7. Confidentiality. In addition to any obligation regarding Inventions, the Officer acknowledges that the trade secrets and confidential and proprietary information of the Company, its subsidiaries and affiliates, including without limitation:
(a) unpublished information concerning:
(i) | research activities and plans, |
(ii) | marketing or sales plans, |
(iii) | pricing or pricing strategies, |
(iv) | operational techniques, and |
(v) | strategic plans; |
(b) unpublished financial information, including information concerning revenues, profits and profit margins;
(c) internal confidential manuals; and
(d) any “material inside information” as such phrase is used for purposes of the Securities Exchange Act of 1934, as amended; all constitute valuable, special and unique information of the Company, its subsidiaries and affiliates. In recognition of this fact, the Officer agrees that the Officer will not disclose any such trade secrets or confidential or proprietary information (except (i) information which becomes publicly available without violation of this Agreement, (ii) information of which the Officer, prior to disclosure by the Officer, did not know and should not have known was disclosed to the Officer by a third party in violation of any other person’s confidentiality or fiduciary obligation, (iii) disclosure required in connection with any legal process (provided the Officer promptly gives the Company written notice of any legal process seeking to compel such disclosure and reasonably cooperates in the Company’s attempt to eliminate or limit the scope of such disclosure) and (iv) disclosure while employed by the Company which the Officer reasonably and in good faith believes to be in or not opposed to the interests of the Company) to any person, firm, corporation, association or other entity, for any reason or purpose whatsoever, nor shall the Officer make use of any such information for the benefit of any person, firm, corporation or other entity except on behalf of the Company, its subsidiaries and affiliates.
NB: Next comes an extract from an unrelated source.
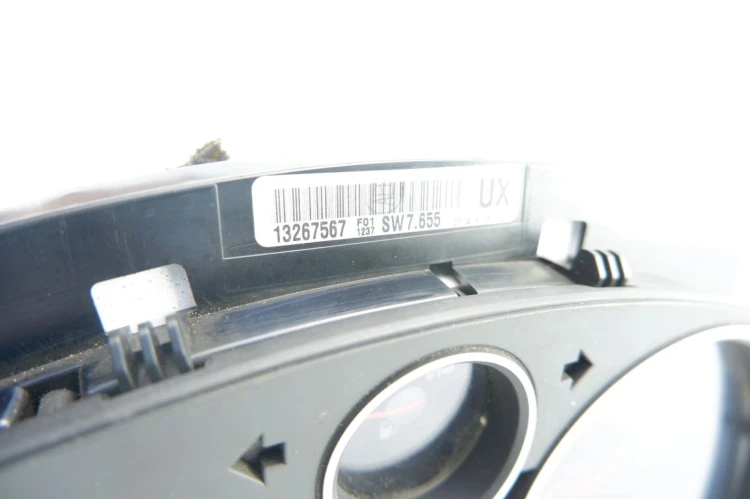 LICZNIK OPEL ZAFIRA B LIFT (2008-2012) 1.7 CDTI 13267567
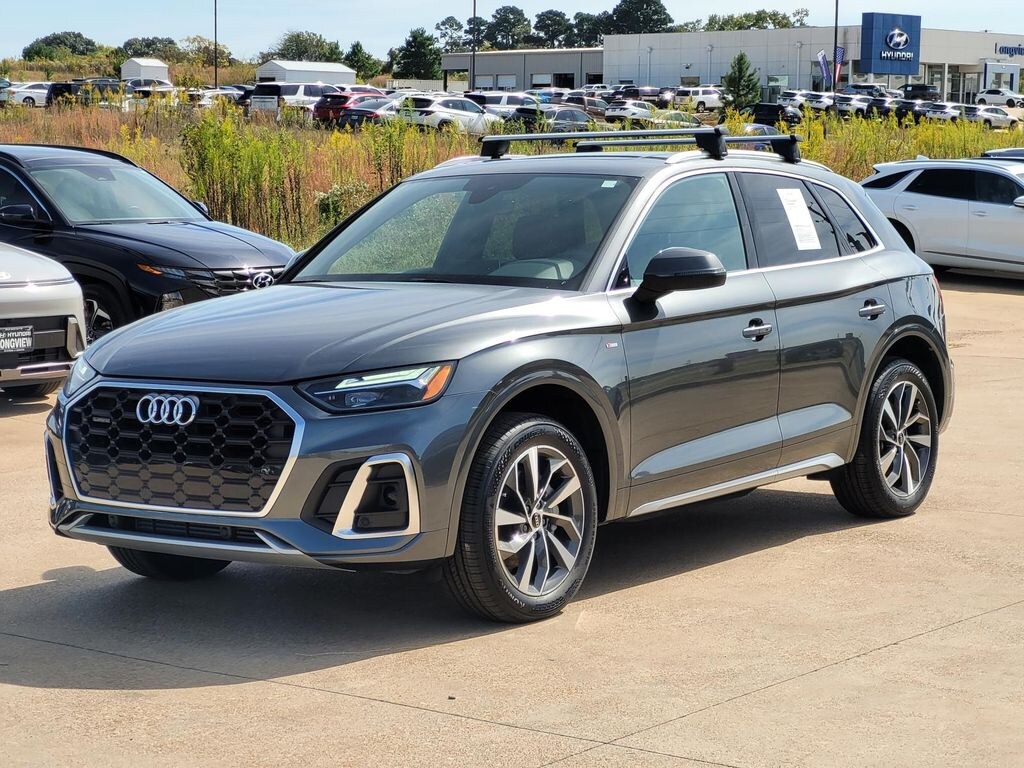 Used 2022 Audi Q5 S Line Premium SUV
8. Binding Agreement. This Agreement and all rights of the Officer hereunder shall inure to the benefit of and be enforceable by the Officer’s personal or legal representatives, executors, administrators, successors, heirs, distributees, devisees and legatees. If the Officer should die while any amounts would still be payable to him hereunder if he had continued to live, all such amounts, unless otherwise provided in this Agreement, shall be paid to the Officer’s devisee, legatee, or other designee or, if there be no such designee, to the Officer’s estate.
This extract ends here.